World Weather Inc. reports West Texas will continue to see limited rain and very warm temps, which will maintain some downward pressure on production. However, there is potential for “some” rain and cooler temps late next week and into the following weekend. Good harvest conditions are prevailing in southern Texas and the Texas Blacklands’ crop remains favorably rated. Weather in the Delta is expected to be drier than usual for an extended period of time, which may lead to some of the best fiber quality in the U.S. Weather in the southeastern U.S. continues to improve for cotton that survived Tropical Storm Debby’s wrath.

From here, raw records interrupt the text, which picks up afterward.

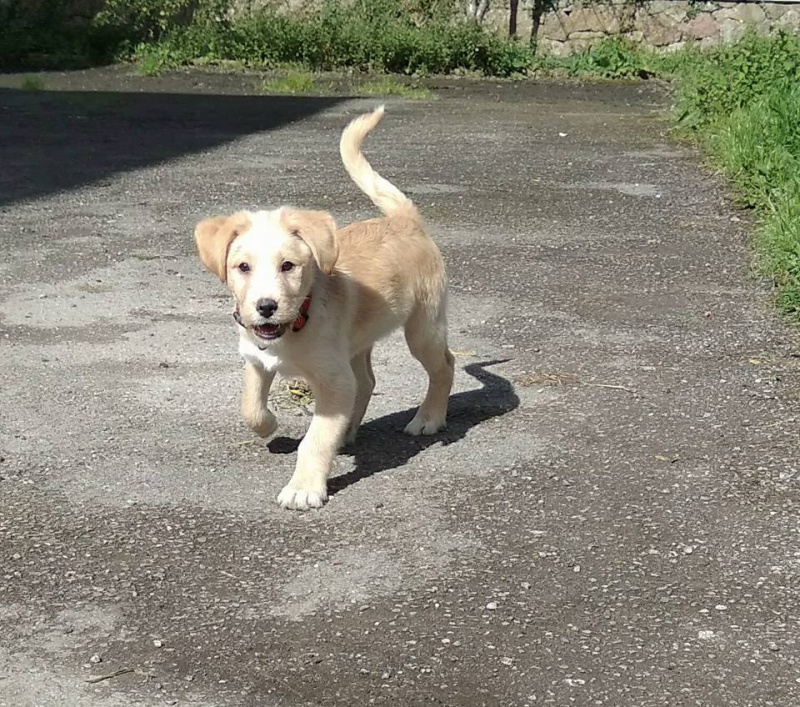 Foto Zeus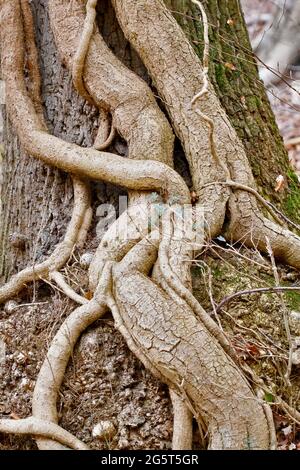 English ivy, common ivy (Hedera helix), ivy trunks on a tree trunk, Germany, North Rhine-Westphalia Stock Photo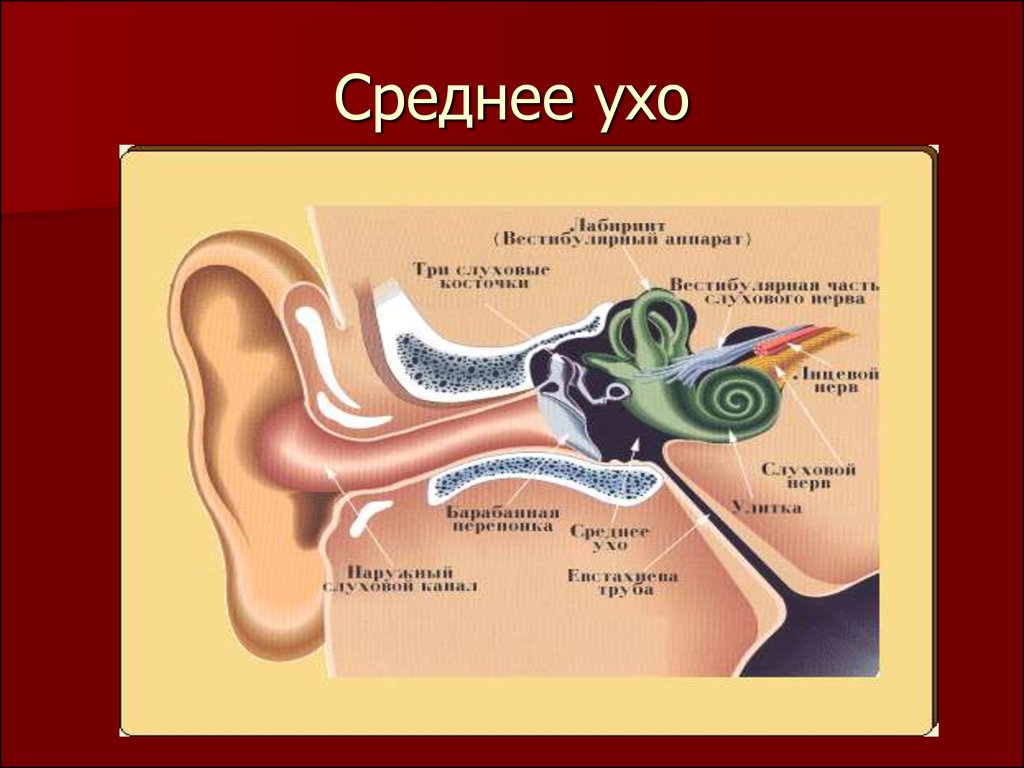 Внутреннее ухо расположено в полости. Среднее ухо. Среднеу Хо. Строение среднего уха. Средняя часть уха.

Cattle: Cattle and feeder futures traded mixed-to-lower Friday. Expiring August live cattle futures inched up 2.5 cents to $182.575, while most-active October dipped 20 cents to $175.70. That marked a weekly decline of $2.80. The expiring August feeder contract advanced 60 cents to $242.575, whereas most-active October rose 12.5 cents to $234.375, which represented a weekly drop of $1.575. Persistent cash market weakness as the week progressed, as indicated by northern cash prices for fed cattle averaging $184.38 Thursday, undercut early rally attempts in live cattle futures Friday morning. The drop seemingly kept the door open to sustained cash losses in the days and weeks ahead, as indicated by the discounts still built into August and October live cattle futures. However, the wholesale market remained strong, following up Thursday strength with impressive Friday morning gains. Choice cutout advanced $2.32 to $318.36, which if sustained, would be its highest quote since the market was backing down from its July highs. Such strength next week could make it very difficult for beef packers to persuade producers to take lower cash cattle bids next week.
The feeder index fell $1.06 to $242.67 Thursday afternoon, which likely kept bulls from developing any upward momentum in feeder futures today, especially since the August contract (which expires at noon next Thursday, 8/29), ended the day near par. The yearling market traditionally trades steady to firm during fall but shifts in fed cattle prices will almost surely set the tone for feeder values in the coming weeks.
The USDA will publish its monthly Cattle on Feed report at 2:00 CDT this afternoon. See Evening Report for the results.
Hogs: Wholesale strength continues supporting hog futures. The nearby October contract rallied 92.5 cents to $80.55 to end the week, which represented a weekly gain of $5.475. As expected, the CME hog index continued its seasonal decline through Wednesday, with the exchange confirming Wednesday’s quote for the hog index at $88.83, down 38 cents from Tuesday. Thursday’s preliminary figure fell another 61 cents to $88.22. But bears apparently couldn’t overcome the bullish impact of renewed wholesale pork strength. After pork cutout rose 88 cents to $96.43 Thursday, it surged another $2.86 to $99.29 at midsession today. The wholesale market has shown a pattern of surging on Friday, then setting back substantially early the week following, but having cutout back up near $100 implies considerable demand support for the market in the face of seasonally increasing supplies. On the other hand, this week’s preliminary slaughter total actually fell slightly (9,000 head) below last week, up quite modestly (also 9,000 head) above the comparable year-ago level. We still suspect strong demand from grocers and consumers will provide considerable support for the hog and pork complex in the coming weeks, which may tend to continue pulling discounted futures prices upward.